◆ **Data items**
<<<<

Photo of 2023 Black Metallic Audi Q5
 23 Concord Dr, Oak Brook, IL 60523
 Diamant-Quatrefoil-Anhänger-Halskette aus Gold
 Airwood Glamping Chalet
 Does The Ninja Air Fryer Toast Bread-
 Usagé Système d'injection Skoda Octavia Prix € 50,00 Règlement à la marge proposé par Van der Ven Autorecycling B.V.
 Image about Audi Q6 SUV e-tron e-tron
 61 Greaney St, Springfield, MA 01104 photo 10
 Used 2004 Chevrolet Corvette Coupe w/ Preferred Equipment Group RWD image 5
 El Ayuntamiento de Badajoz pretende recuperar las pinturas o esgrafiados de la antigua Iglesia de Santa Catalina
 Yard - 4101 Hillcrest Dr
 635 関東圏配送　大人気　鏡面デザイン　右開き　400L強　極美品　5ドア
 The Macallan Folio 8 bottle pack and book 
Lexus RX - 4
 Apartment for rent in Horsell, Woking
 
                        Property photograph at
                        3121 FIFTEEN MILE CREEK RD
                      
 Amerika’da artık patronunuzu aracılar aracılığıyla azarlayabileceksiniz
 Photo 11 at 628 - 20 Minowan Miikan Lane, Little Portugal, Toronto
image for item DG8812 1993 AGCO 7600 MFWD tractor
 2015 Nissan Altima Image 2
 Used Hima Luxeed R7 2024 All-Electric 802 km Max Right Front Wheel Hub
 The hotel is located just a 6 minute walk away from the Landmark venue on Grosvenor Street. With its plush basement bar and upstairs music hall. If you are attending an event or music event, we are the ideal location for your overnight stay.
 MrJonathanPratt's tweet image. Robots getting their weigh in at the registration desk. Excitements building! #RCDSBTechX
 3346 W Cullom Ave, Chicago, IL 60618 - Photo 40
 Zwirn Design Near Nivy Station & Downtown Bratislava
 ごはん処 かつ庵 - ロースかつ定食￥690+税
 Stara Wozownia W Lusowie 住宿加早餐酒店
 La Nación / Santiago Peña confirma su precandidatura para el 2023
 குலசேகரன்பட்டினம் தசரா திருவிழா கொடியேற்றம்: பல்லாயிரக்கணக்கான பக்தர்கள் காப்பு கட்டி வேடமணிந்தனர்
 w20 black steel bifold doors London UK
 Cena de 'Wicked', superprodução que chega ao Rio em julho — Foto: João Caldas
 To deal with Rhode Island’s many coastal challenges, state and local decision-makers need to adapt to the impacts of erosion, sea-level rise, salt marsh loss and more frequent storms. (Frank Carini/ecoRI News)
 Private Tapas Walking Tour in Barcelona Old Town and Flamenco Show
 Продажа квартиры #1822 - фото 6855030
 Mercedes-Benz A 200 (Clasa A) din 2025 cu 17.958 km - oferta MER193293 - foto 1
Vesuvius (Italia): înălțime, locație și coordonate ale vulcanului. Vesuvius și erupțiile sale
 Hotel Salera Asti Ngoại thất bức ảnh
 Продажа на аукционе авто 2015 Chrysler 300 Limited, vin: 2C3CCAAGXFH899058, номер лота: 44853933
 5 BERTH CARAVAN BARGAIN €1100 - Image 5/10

>>>>

◆ **Work instruction**
Repeat all of the data exactly.

◆ **Result of the exercise**
Photo of 2023 Black Metallic Audi Q5
 23 Concord Dr, Oak Brook, IL 60523
 Diamant-Quatrefoil-Anhänger-Halskette aus Gold
 Airwood Glamping Chalet
 Does The Ninja Air Fryer Toast Bread-
 Usagé Système d'injection Skoda Octavia Prix € 50,00 Règlement à la marge proposé par Van der Ven Autorecycling B.V.
 Image about Audi Q6 SUV e-tron e-tron
 61 Greaney St, Springfield, MA 01104 photo 10
 Used 2004 Chevrolet Corvette Coupe w/ Preferred Equipment Group RWD image 5
 El Ayuntamiento de Badajoz pretende recuperar las pinturas o esgrafiados de la antigua Iglesia de Santa Catalina
 Yard - 4101 Hillcrest Dr
 635 関東圏配送　大人気　鏡面デザイン　右開き　400L強　極美品　5ドア
 The Macallan Folio 8 bottle pack and book 
Lexus RX - 4
 Apartment for rent in Horsell, Woking
 
                        Property photograph at
                        3121 FIFTEEN MILE CREEK RD
                      
 Amerika’da artık patronunuzu aracılar aracılığıyla azarlayabileceksiniz
 Photo 11 at 628 - 20 Minowan Miikan Lane, Little Portugal, Toronto
image for item DG8812 1993 AGCO 7600 MFWD tractor
 2015 Nissan Altima Image 2
 Used Hima Luxeed R7 2024 All-Electric 802 km Max Right Front Wheel Hub
 The hotel is located just a 6 minute walk away from the Landmark venue on Grosvenor Street. With its plush basement bar and upstairs music hall. If you are attending an event or music event, we are the ideal location for your overnight stay.
 MrJonathanPratt's tweet image. Robots getting their weigh in at the registration desk. Excitements building! #RCDSBTechX
 3346 W Cullom Ave, Chicago, IL 60618 - Photo 40
 Zwirn Design Near Nivy Station & Downtown Bratislava
 ごはん処 かつ庵 - ロースかつ定食￥690+税
 Stara Wozownia W Lusowie 住宿加早餐酒店
 La Nación / Santiago Peña confirma su precandidatura para el 2023
 குலசேகரன்பட்டினம் தசரா திருவிழா கொடியேற்றம்: பல்லாயிரக்கணக்கான பக்தர்கள் காப்பு கட்டி வேடமணிந்தனர்
 w20 black steel bifold doors London UK
 Cena de 'Wicked', superprodução que chega ao Rio em julho — Foto: João Caldas
 To deal with Rhode Island’s many coastal challenges, state and local decision-makers need to adapt to the impacts of erosion, sea-level rise, salt marsh loss and more frequent storms. (Frank Carini/ecoRI News)
 Private Tapas Walking Tour in Barcelona Old Town and Flamenco Show
 Продажа квартиры #1822 - фото 6855030
 Mercedes-Benz A 200 (Clasa A) din 2025 cu 17.958 km - oferta MER193293 - foto 1
Vesuvius (Italia): înălțime, locație și coordonate ale vulcanului. Vesuvius și erupțiile sale
 Hotel Salera Asti Ngoại thất bức ảnh
 Продажа на аукционе авто 2015 Chrysler 300 Limited, vin: 2C3CCAAGXFH899058, номер лота: 44853933
 5 BERTH CARAVAN BARGAIN €1100 - Image 5/10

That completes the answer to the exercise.